Implementation:Scikit learn Scikit learn AgglomerativeClustering
| Knowledge Sources | |
|---|---|
| Domains | Clustering, Hierarchical Clustering |
| Last Updated | 2026-02-08 15:00 GMT |
Overview
Concrete tool for performing hierarchical agglomerative clustering provided by scikit-learn.
Description
AgglomerativeClustering recursively merges pairs of clusters from individual samples using a bottom-up approach. It supports multiple linkage criteria including ward, complete, average, and single linkage, and can use a variety of distance metrics.
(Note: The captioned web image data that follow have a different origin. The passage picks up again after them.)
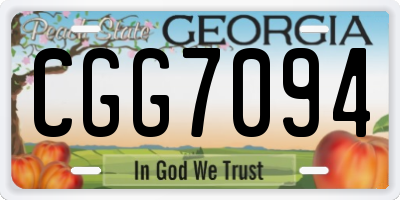 GA license plate CGG7094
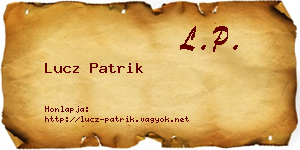 Lucz Patrik névjegykártya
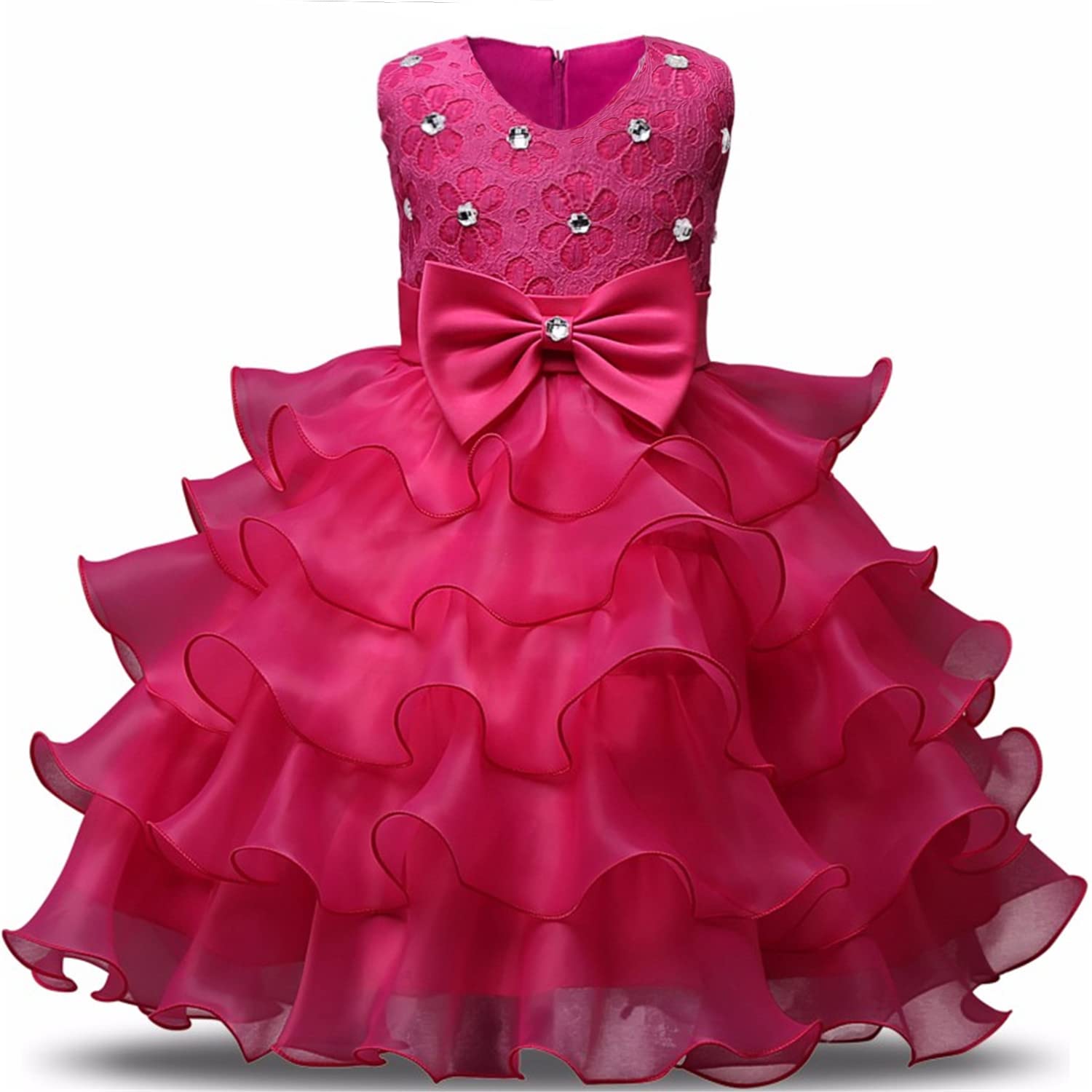 NNJXD Girls Ruffled Lace Party Dress - Elegant Flower Girl Dress for Weddings, Birthday Parties & Special Occasions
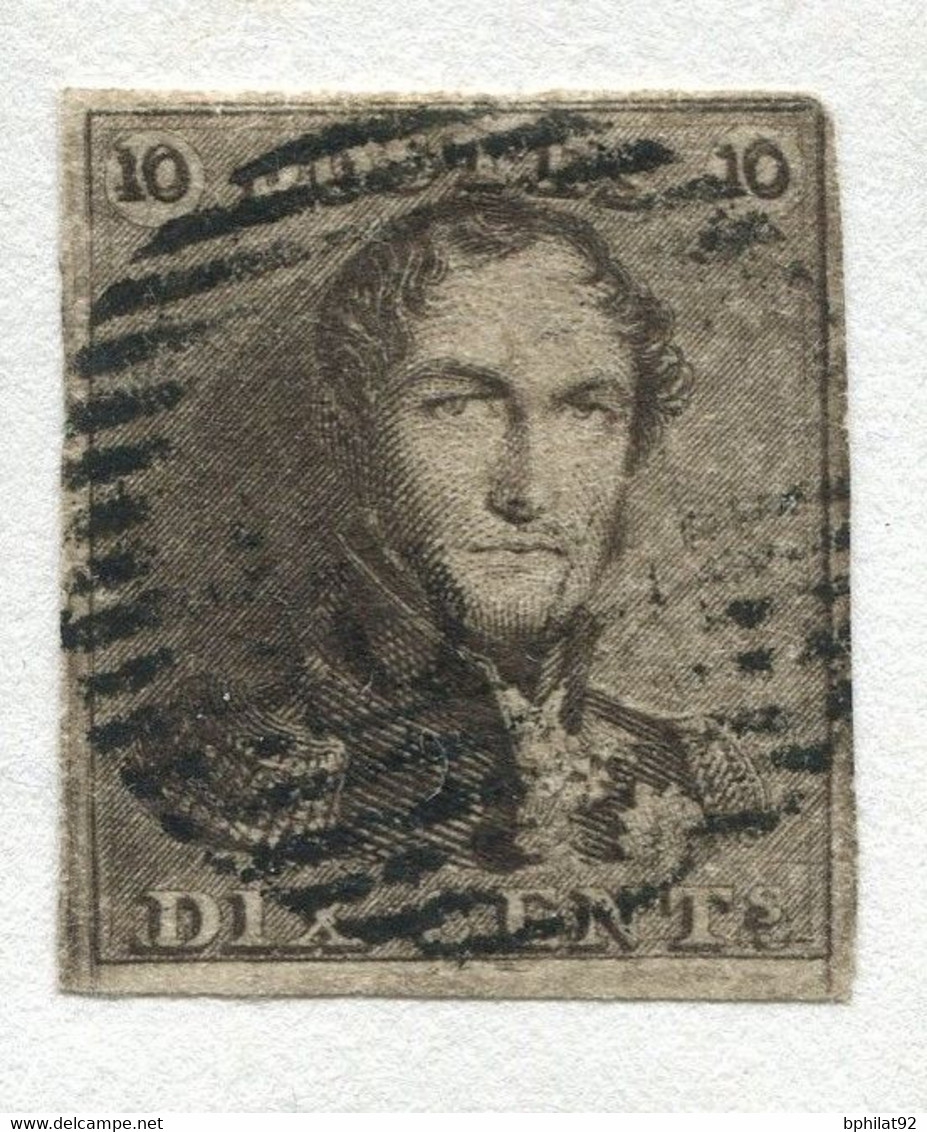 !!! BELGIQUE, N°1V-4 CASE 183 CHIFFRES DOUBLES OBLITERE - 1849 Schulterklappen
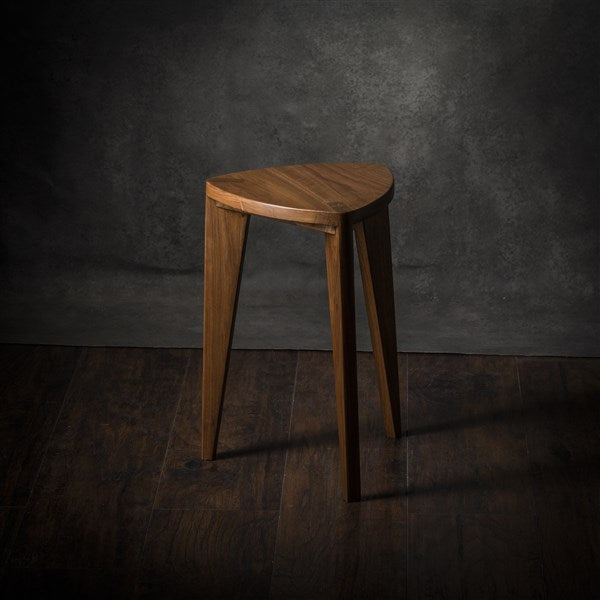 Walnut Wood Three-Legged Stool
The algorithm can be constrained with a connectivity matrix to enforce structure and can use either a fixed number of clusters or a distance threshold as the stopping criterion.
Usage
Use AgglomerativeClustering when you need hierarchical clustering that produces a dendrogram-like tree of merges, when spatial constraints on clusters are important (via a connectivity matrix), or when you want to explore different levels of clustering granularity. It works well for small to medium datasets where the hierarchical structure is meaningful.
Code Reference
Source Location
- Repository: scikit-learn
- File: sklearn/cluster/_agglomerative.py
Signature
class AgglomerativeClustering(ClusterMixin, BaseEstimator):
def __init__(
self,
n_clusters=2,
*,
metric="euclidean",
memory=None,
connectivity=None,
compute_full_tree="auto",
linkage="ward",
distance_threshold=None,
compute_distances=False,
):
Import
from sklearn.cluster import AgglomerativeClustering
I/O Contract
Inputs
| Name | Type | Required | Description |
|---|---|---|---|
| n_clusters | int or None | No | The number of clusters to find. Must be None if distance_threshold is set. Default is 2. |
| metric | str or callable | No | Metric used to compute the linkage. Default is "euclidean". |
| memory | str or joblib.Memory | No | Used to cache computation of the tree. Default is None. |
| connectivity | array-like or callable | No | Connectivity matrix defining neighboring samples. Default is None. |
| compute_full_tree | "auto" or bool | No | Whether to compute the full tree. Default is "auto". |
| linkage | str | No | Linkage criterion: "ward", "complete", "average", or "single". Default is "ward". |
| distance_threshold | float or None | No | Distance threshold above which clusters will not be merged. Default is None. |
| compute_distances | bool | No | Whether to compute distances between clusters even when not needed. Default is False. |
Outputs
| Name | Type | Description |
|---|---|---|
| n_clusters_ | int | The number of clusters found. |
| labels_ | ndarray of shape (n_samples,) | Cluster labels for each sample. |
| n_leaves_ | int | Number of leaves in the hierarchical tree. |
| n_connected_components_ | int | Estimated number of connected components in the graph. |
| children_ | ndarray of shape (n_nodes-1, 2) | Children of each non-leaf node. |
| distances_ | ndarray of shape (n_nodes-1,) | Distances between clusters at each merge step (when compute_distances=True). |
Usage Examples
Basic Usage
from sklearn.cluster import AgglomerativeClustering
import numpy as np
X = np.array([[1, 2], [1, 4], [1, 0],
[4, 2], [4, 4], [4, 0]])
clustering = AgglomerativeClustering(n_clusters=2, linkage="ward").fit(X)
print(clustering.labels_)